SONGSOPTOK: Generally it is the mother who takes care of the children
following a divorce. Although children need their mother more while growing up,
what kind of impact can the absence of a father figure have on a growing child?
So what according to you should be the role of the mother?
RINITA: I
answered most of this question in the above answer.

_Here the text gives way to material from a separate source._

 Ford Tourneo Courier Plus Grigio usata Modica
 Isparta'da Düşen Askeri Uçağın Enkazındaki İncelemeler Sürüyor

SONGSOPTOK: What according to you could be the impact of the growing number
of divorces on the next generations? Or do you think this is the
way tomorrow’s society will evolve?
RINITA: There
are both positive and negative effects depending on the situation and we have
to go case by case as I said before. Most of the labor surrounding child
rearing is beared by the mother, regardless of whether she is single or
married. This is why the community and the State should participate to share in
this labor. In fact I believe the State has an obligation to participate in
this labor.
[Rinita Mazumdar is a Full time Instructor of Philosophy and
Culture Studies in Central New Mexico Community College and an Affiliate Prof
of Women Studies at the University of New Mexico. She got her Ph.D from the
University of Massachusetts, Amherst in Philosophy, and her M.A in Philosophy
from Brock University, Canada and Calcutta University. Her published books
include A Short Introduction to Feminist Theory, A Feminist Manifesto, Feminist
Economics, Understanding Gender, Feminine Sexuality and a book of poems,
Presently she lives in Albuquerque, New Mexico, U.S.A.]